Running a business can be scary. You put your heart and soul into your company and can’t imagine doing anything else. Then, you realize that no matter how successful you are, you might be just a few bad decisions away from losing your dream and disappointing your team.
Luckily, it doesn’t have to be this way. In my EntreLeadership Master Series I teach people to face their fears. I talk about how, years ago, fear paralyzed my decision-making abilities until I came up with a system. In fact, one of the core values of my company today is that decisions are never made based on fear.
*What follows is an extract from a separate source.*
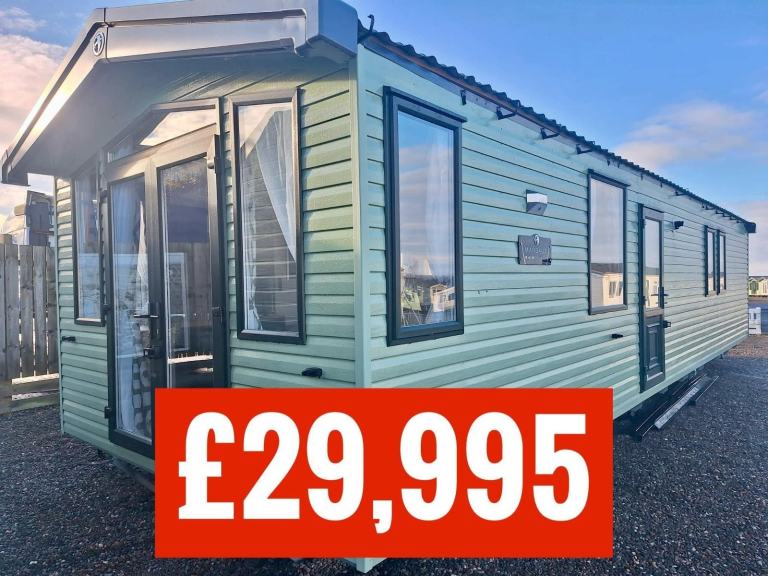 OFF SITE static caravan Scotland double glazed & heated 3 bed Swift Margaux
So, how can you conquer your fear of failing?

1. Face up to it
You’re going to mess up at some point, and that’s okay. Own up to it, and realize you’re likely to stumble many times before you achieve success. Henry Ford, Bill Gates and Thomas Edison all screwed up numerous times before they hit it big. As Eleanor Roosevelt said, “You gain strength, courage and confidence by every experience in which you really stop to look fear in the face.”

2. What’s the worst that can happen?
Always take into account a worst-case scenario when exploring new projects or options for your company. Ask yourself, Will we be able to survive if this new idea falls apart? When the answer is yes, the decision is no longer so frightening. Once you realize you’re not going to die from making a decision — even if it turns out to be the wrong decision — it releases you to make the call.

3. Talk it out
Remember how it was always better to have a friend by your side when you faced something scary as a kid? The same holds true for adults.
Find a business mentor who has been through tough times. Discuss your biggest fears with them. Once those concerns are out in the open, and you’ve gained insight through another person’s point of view, you just might find that they’re more manageable.

4. Always have a contingency plan
Having several options is a great fear killer. For example, use several vendors so you aren’t relying on just one. That way, if something goes wrong, you already have a back-up plan. Options give you power, and power lessens fear.

Now, understand this. There will always be some fear associated with your endeavour. Whether it’s being scared of losing customers, revenue or even being sued, these are all legitimate concerns. But it’s how you handle them that can mean the difference between success and failure.

It’s wise to recognize that some fears may be well founded, and you should not ignore the potential consequences of the decisions you make. But never, ever allow the spirit of fear to drive you!